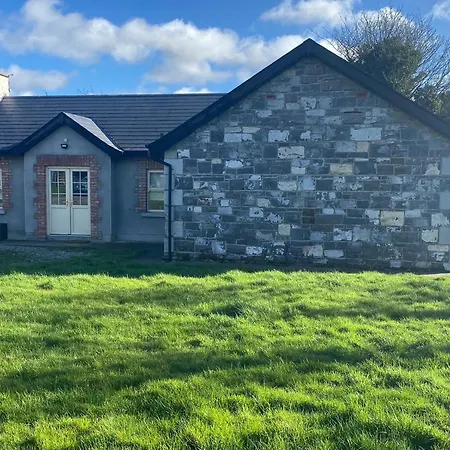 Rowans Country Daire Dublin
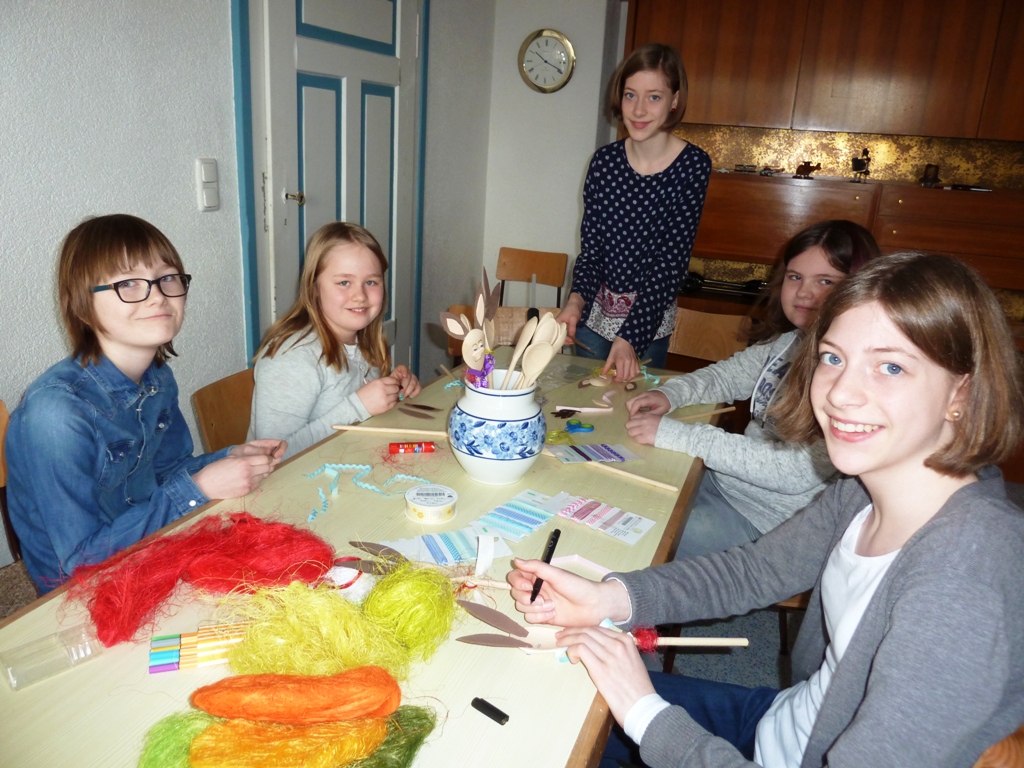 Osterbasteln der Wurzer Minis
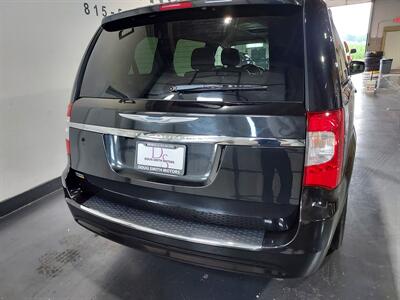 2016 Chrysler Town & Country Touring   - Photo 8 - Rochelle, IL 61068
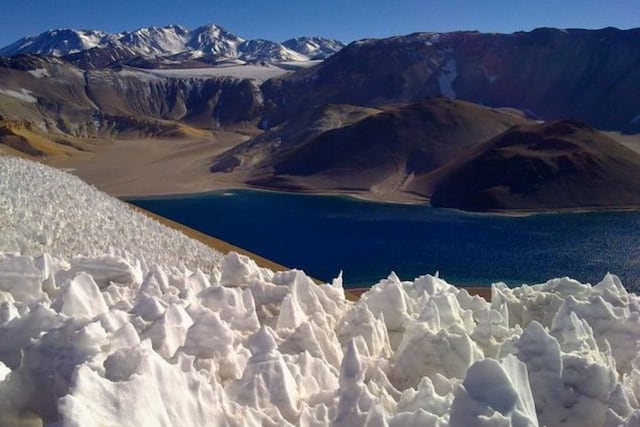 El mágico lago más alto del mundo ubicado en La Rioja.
* * *
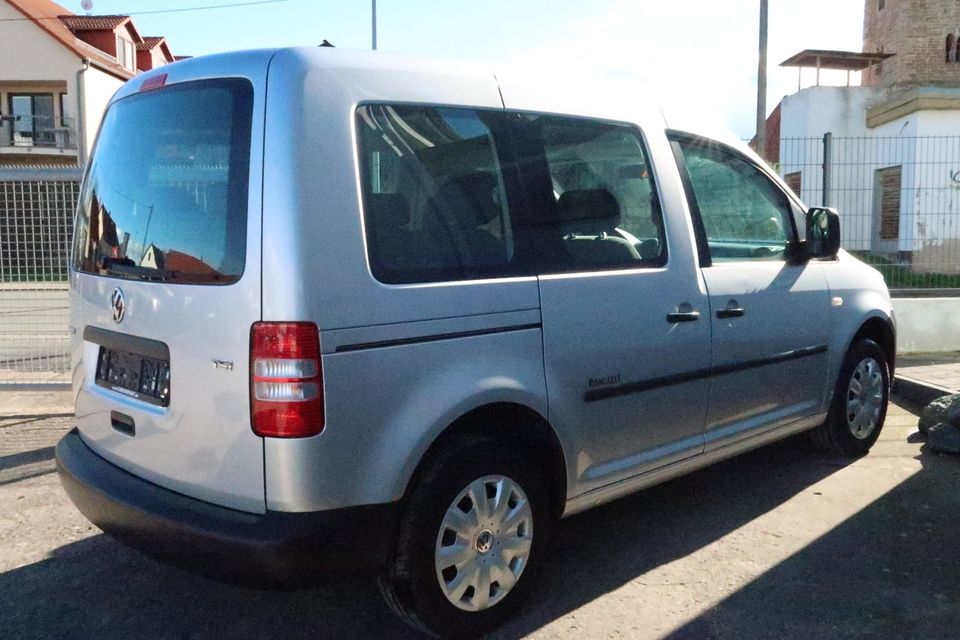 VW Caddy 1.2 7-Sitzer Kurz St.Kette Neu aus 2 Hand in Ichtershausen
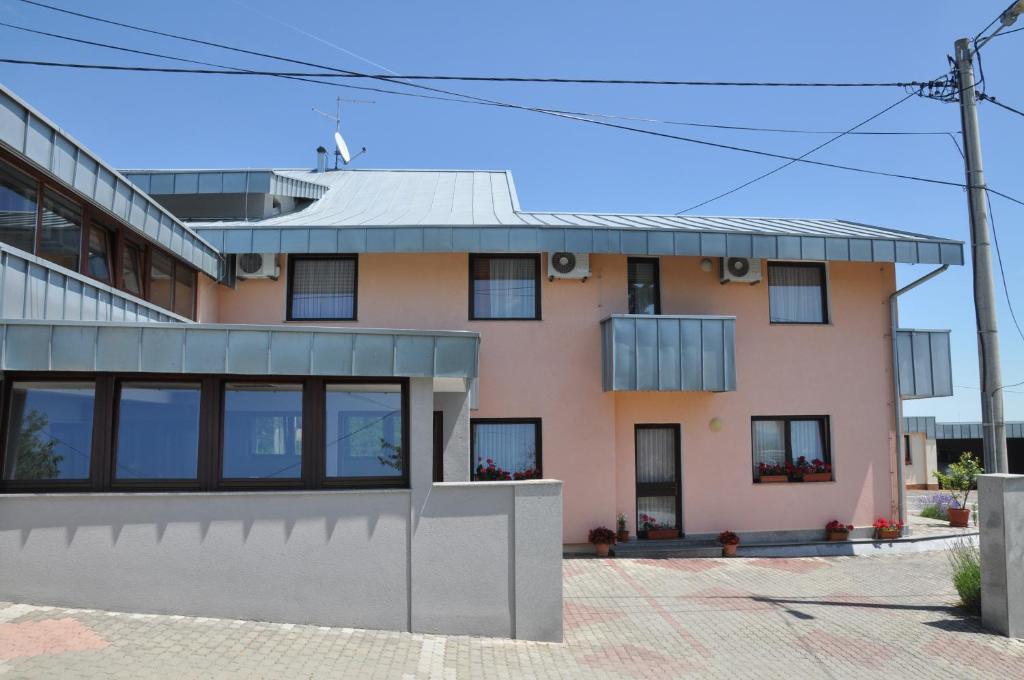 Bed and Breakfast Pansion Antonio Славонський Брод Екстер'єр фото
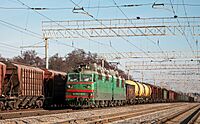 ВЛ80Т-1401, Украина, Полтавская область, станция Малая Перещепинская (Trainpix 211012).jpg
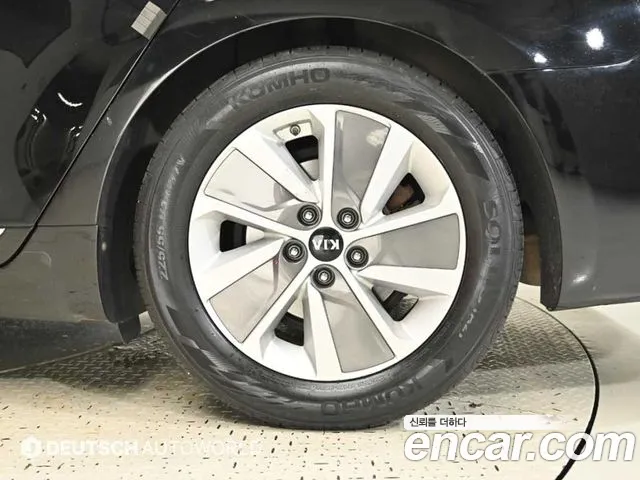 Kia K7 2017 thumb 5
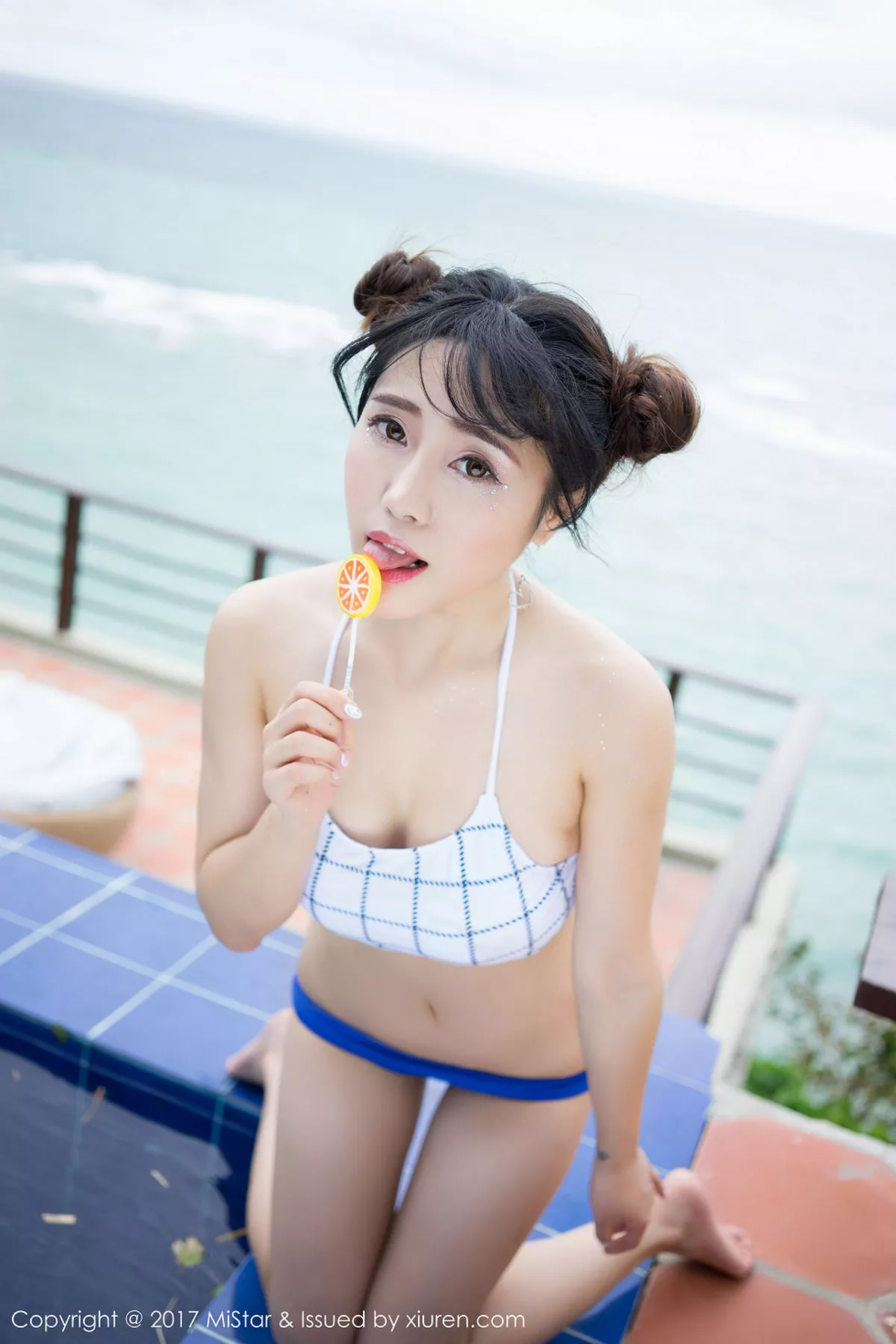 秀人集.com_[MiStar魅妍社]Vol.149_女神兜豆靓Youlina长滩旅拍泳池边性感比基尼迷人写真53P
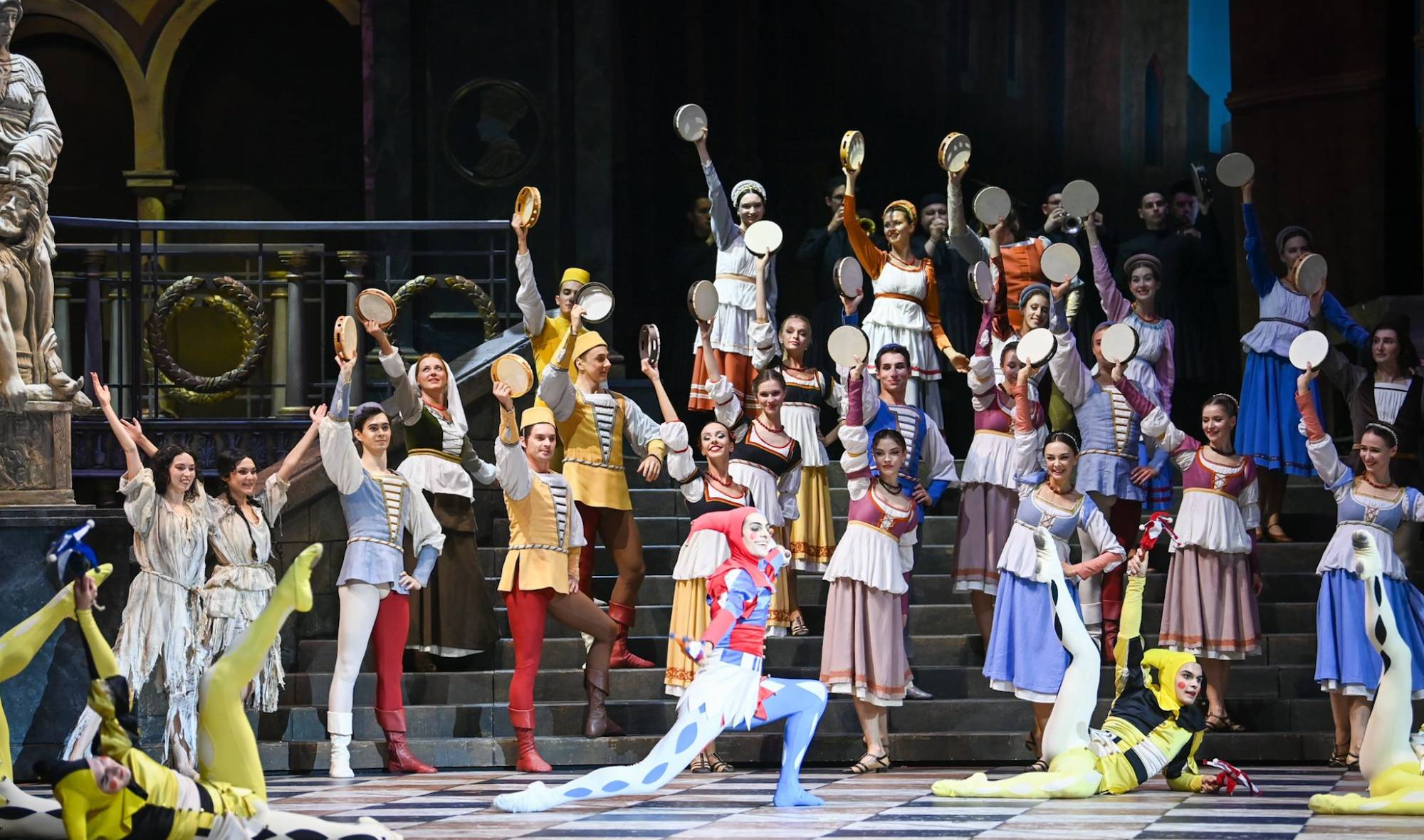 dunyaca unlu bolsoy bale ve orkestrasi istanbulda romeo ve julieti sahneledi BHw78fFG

#### Problem description
Start with the line above containing "ВЛ80Т-1401, Украина, Полтавская" and end with the line containing "dunyaca unlu bolsoy". Set down that stretch exactly, without any pictures.

#### Exercise answer
 ВЛ80Т-1401, Украина, Полтавская область, станция Малая Перещепинская (Trainpix 211012).jpg
 Kia K7 2017 thumb 5
 秀人集.com_[MiStar魅妍社]Vol.149_女神兜豆靓Youlina长滩旅拍泳池边性感比基尼迷人写真53P
 dunyaca unlu bolsoy bale ve orkestrasi istanbulda romeo ve julieti sahneledi BHw78fFG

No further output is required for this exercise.